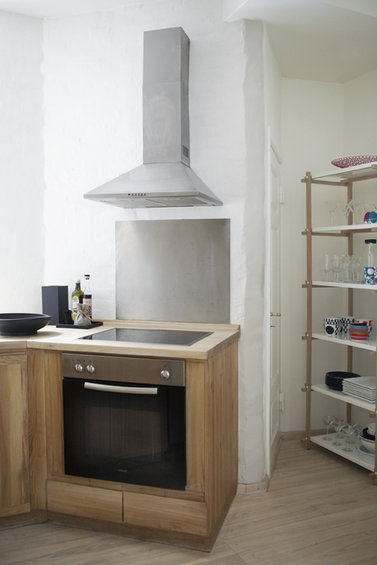 Фотография: Кухня и столовая в стиле Эко, Скандинавский, Квартира, Дания, Цвет в интерьере, Дома и квартиры, Белый – фото на INMYROOM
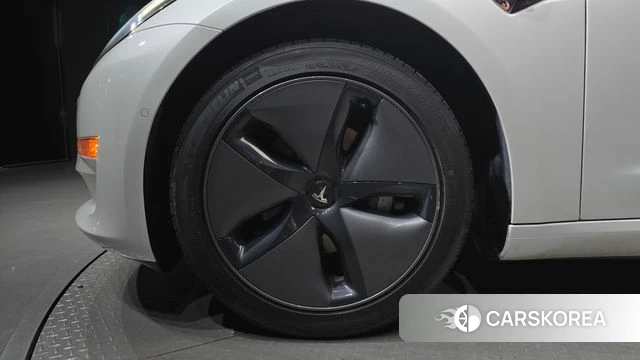 Tesla Model 3 id 4754872 из Кореи 25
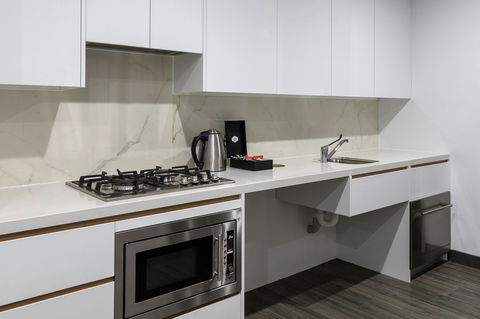 Meriton Suites Chatswood - Accommodation Gladstone 8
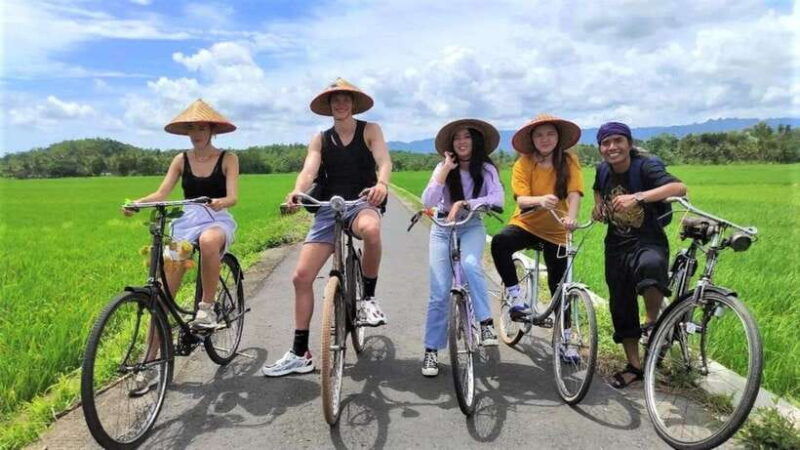 yogyakarta-village-cycling-tour-with-classic-bicycle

• What the task requires: A word-for-word copy of the listing is needed. It must not include the pictures.

• Response to the task:
 Фотография: Кухня и столовая в стиле Эко, Скандинавский, Квартира, Дания, Цвет в интерьере, Дома и квартиры, Белый – фото на INMYROOM
 Tesla Model 3 id 4754872 из Кореи 25
 Meriton Suites Chatswood - Accommodation Gladstone 8
 yogyakarta-village-cycling-tour-with-classic-bicycle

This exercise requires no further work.